There are several other factors that can lead to hair loss, including:

  • Family history
  • Hormonal changes
  • Medical and health reasons
  • Some types of medications

Family history:

Hair loss is associated with family history and is more noticeable in males than females. Hair loss in males can start as early as 12 years old.

Medical and hormonal causes:

Hormonal changes and imbalances can lead to temporary hair loss, including during pregnancy and childbirth, or even during menopause. Disorders of the thyroid gland also affect hair loss and changes in the absorption of some essential nutrients for hair health. In addition, inflammation of the hair follicle or the presence of certain autoimmune diseases can lead to hair loss.

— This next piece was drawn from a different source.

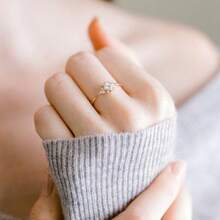 Delicate Women's Fashion Zirconia Wedding Waterdrop Ring Wedding Band Anniversary Gift Party Valentine's Day Engagement Women Jewelry - 金色 - 查看 4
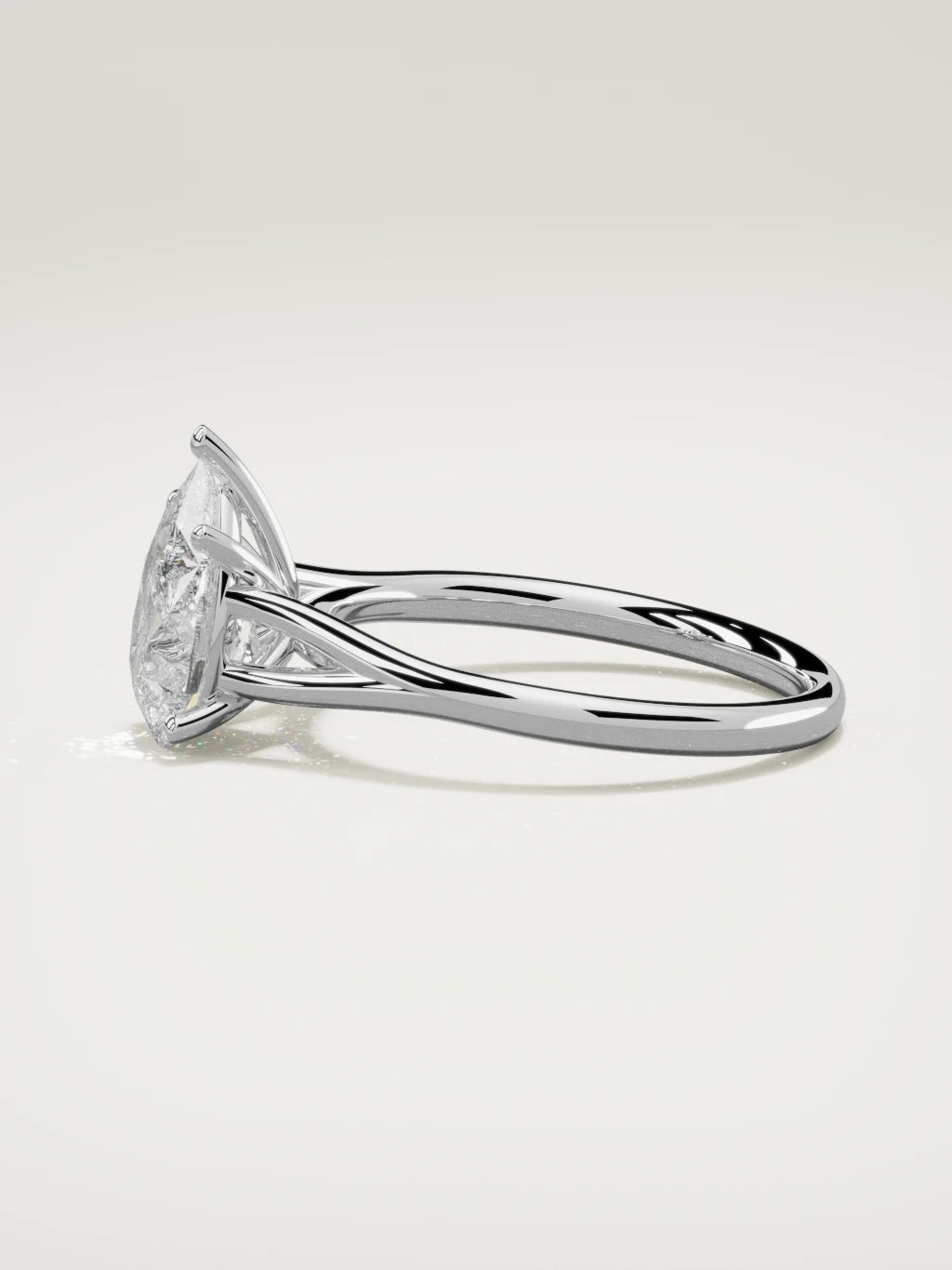 The Lazo pear-shaped lab-grown diamond solitaire in 14K white gold, side view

Some medications that can lead to hair loss include joint medications, antidepressants, cancer treatments, as well as medications for heart disorders, blood pressure, and birth control pills, in addition to excessive intake of vitamin A.

Other causes:

  1. Exposure to radiation therapy can lead to hair loss, which is temporary and hair regrows after the end of treatment, but the hair may differ from its previous state.
  2. Psychological reasons (psychological trauma)
  3. Sudden weight loss or surgical procedures.
  4. Excessive pulling or styling of hair.


To address the problem of hair loss, it is necessary to search for the causes of the loss by conducting medical tests to monitor the most important elements that affect hair loss, such as zinc and iron deficiencies, anemia, and thyroid gland disorders, as well as the impact of low levels of magnesium and vitamin B12 on hair health. In case of any deficiency in vitamin levels or other results, it is essential to consult a doctor for prescription, as there are several dietary supplements and medications available at pharmacies for hair health.